What Robots Can’t Grasp

These engineers are training the next generation of robots to pick up just about anything.

By Marty Graham, Contributor

There are some things robots just can’t grasp. Literally. And a team of engineers and data scientists at the University of California, Berkeley’s AUTOLAB is creating more of these unwieldy objects all the time. The effort isn’t an exercise in mechanical cruelty; rather, these weird-looking objects—what professors Ken Goldberg and Jeff Mahler call “adversarial” objects—are part of a trial-and-error approach to helping the robots at AUTOLAB develop the know-how to pick up a range of oddly-shaped items. And that’s an increasingly important skill these days.


Demand for robots has increased every year, according to the Robotic Industries Association (RIA). While retail giants and auto manufacturers have historically represented the highest demand, more companies outside the vehicle sector are beginning to install robots. Of the nearly 36,000 robots purchased in 2018, 16,702 were shipped to non-automotive companies—a 41 percent increase compared to 2017.

With this more pervasive installation of robots comes expanded use cases beyond the repetitive, highly-controlled tasks they’ve been relegated to in warehouses and on factory floors, such as loading, unloading, and shelving pallets of goods or welding automobile parts. But they have their limits.


While robots are already completing precise assembly work, repeating a very limited set of tasks over and over again, situations—such as shifting rapidly to sort and pick up random objects to fill a retail order—stymie them. Consider, for example, the few seconds it takes for a human to remove a pizza from an oven and turn the oven off; uncork a bottle of wine, and find and fill a glass; grab a plate and slice the pizza; then place a slice on the plate. This series of actions requires grasps of hard, soft, and even floppy objects, hot and cold objects, as well as liquids and solids. While humans instinctively understand how to grasp any object—even one we’ve never seen before—robots have to be taught this skill: The robot has to perceive the object with its sensors, model it appropriately, determine a strategy for picking it up, then execute the desired action. And while a commercial robot could likely be created to complete such demands, it’d be expensive and it would require extensive training. That’s where AUTOLAB’s work comes in.

Learning Through Failure

Goldberg, Mahler, and their post-graduate students began working on AUTOLAB’s Dexterity Network (Dex-Net) in 2015. The groundbreaking venture develops and refines robot “picking” strategies and, just as importantly, has improved the machine learning behind the picking calculations.
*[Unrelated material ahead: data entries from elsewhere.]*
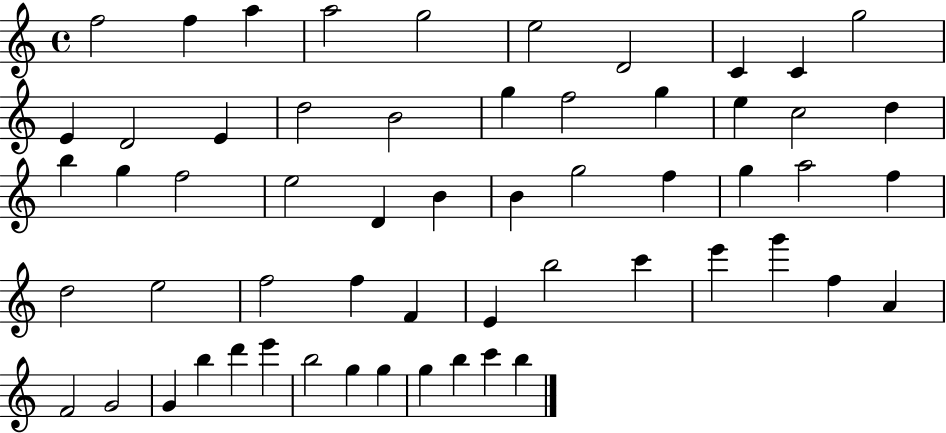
{
  \clef treble
  \time 4/4
  \defaultTimeSignature
  \key c \major
  f''2 f''4 a''4 | a''2 g''2 | e''2 d'2 | c'4 c'4 g''2 | \break e'4 d'2 e'4 | d''2 b'2 | g''4 f''2 g''4 | e''4 c''2 d''4 | \break b''4 g''4 f''2 | e''2 d'4 b'4 | b'4 g''2 f''4 | g''4 a''2 f''4 | \break d''2 e''2 | f''2 f''4 f'4 | e'4 b''2 c'''4 | e'''4 g'''4 f''4 a'4 | \break f'2 g'2 | g'4 b''4 d'''4 e'''4 | b''2 g''4 g''4 | g''4 b''4 c'''4 b''4 | \break \bar "|."
}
“Dex-Net can be used to train a robotic system for handling a variety of items without advance knowledge (e.g. CAD models, mass, or images),” says Mahler. “One of the advantages is that it can be rapidly adapted to different hardware systems consisting of various arms, grippers, and 3D depth cameras, enabling faster customization of robotic learning systems.”

The first iteration of Dex-Net involved creating a system for grasping one object at a time with parallel jaws—think two fingers or pliers. Their current work—Dex-Net 4.0—extends the system, training robots so they grasp a wider variety of objects piled in heaps that make the picking more challenging. Dex-Net 4.0 now includes both the parallel-jaw gripper and a newly-added pneumatic suction arm—each with its own neural network. The robot’s central programming provides size and shape information via its sensor system, but lets the two arms’ separate neural networks decide whether an object should be handled by grip or suction.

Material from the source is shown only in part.